The phrase qualitative analysis in the physical sciences, and in some quantitative research in the social sciences, refers to categorical rather than numerical analysis. For example, qualitative analysis in chemistry simply determines what elements are present in a solution, while quantitative analysis also measures the amount of each element. Some quantitative researchers have assumed that this distinction also applies to the social sciences—that qualitative analysis deals with data that are simply categorized, rather than measured numerically, and that the basic principles of quantitative research can be applied to both. This represents a profound misunderstanding of qualitative research and analysis, which rests on quite different premises from quantitative research, and uses distinct strategies for analyzing data.
These strategies are grounded in the primarily inductive, rather than hypothesis testing, nature of qualitative research. This, in turn, is shaped by the nature of qualitative data. Such data are primarily descriptions of what people did or said in particular contexts—either observations of actual settings and events or transcripts of interviews. Instead of converting these descriptions to variables and measuring or correlating these, as quantitative researchers do, qualitative researchers retain the data in their original, descriptive form and analyze these in ways that, at least to a greater extent than in quantitative research, retain their narrative, contextualized character. Qualitative research reports tend to contain many verbatim quotes and descriptions, and the analysis process is to a substantial extent devoted to selecting these as well as to aggregating, comparing, and summarizing them. The use of numbers, to make more precise statements of how often something happened or how many participants reported a particular experience or event, is legitimate and common in qualitative research, but such uses are supplementary to the primary descriptive and interpretive goals of analysis.

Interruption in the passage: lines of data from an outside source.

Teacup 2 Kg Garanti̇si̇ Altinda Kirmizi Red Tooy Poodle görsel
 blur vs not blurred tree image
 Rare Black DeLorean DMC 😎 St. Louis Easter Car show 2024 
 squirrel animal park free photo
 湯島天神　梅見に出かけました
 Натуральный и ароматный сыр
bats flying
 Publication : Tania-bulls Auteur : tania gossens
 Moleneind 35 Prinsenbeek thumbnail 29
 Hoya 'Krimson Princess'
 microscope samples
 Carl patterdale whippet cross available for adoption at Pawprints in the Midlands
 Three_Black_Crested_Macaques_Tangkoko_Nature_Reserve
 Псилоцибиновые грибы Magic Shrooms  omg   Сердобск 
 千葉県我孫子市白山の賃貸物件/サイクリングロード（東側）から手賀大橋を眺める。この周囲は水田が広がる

Because of the inductive character of qualitative research, and its particularistic focus, data [Page 1336]analysis is not a “stage” that occurs in a sequential order with theorizing, research design, data collection, and writing up results. Data analysis should begin as soon as any data are collected and should be continued as long as any significant questions remain about the meaning and implications of the data. Although the relative emphasis on the different aspects of the research process varies over time, they are not chronologically separated components of a linear series.
Although the term qualitative research is a more recent development, its actual practice has a long history, extending back at least to the 19th-century work of anthropologists and the study of social problems by Charles Booth, Jane Addams, and others and to later community studies such as Middletown and Yankee City. Despite this, the analysis of qualitative data has, until relatively recently, received little theoretical attention. This is in striking contrast to quantitative research, which has a well-developed theory, statistics, which informs quantitative analysis.
The first widely recognized, named, and systemically developed method for analyzing qualitative data was analytic induction (AI). It was created by the sociologist Florian Znaniecki in the 1930s, during his research with W. I. Thomas for their classic work The Polish Peasant in Europe and America, and was further developed by Alfred Lindesmith in his research on opiate addiction in the 1940s. In contrast to quantitative research, which typically collects and analyzes data in order to test previously developed theories, AI proceeds inductively to generate categories, concepts, and theories from the data. These inductively developed theories specify the necessary preconditions for a type of case (e.g., of people who embezzle money from a firm to deal with unexpected personal financial problems); the theory is tested by seeking negative instances, and revising the theory, or limiting its scope, until no negative cases are found.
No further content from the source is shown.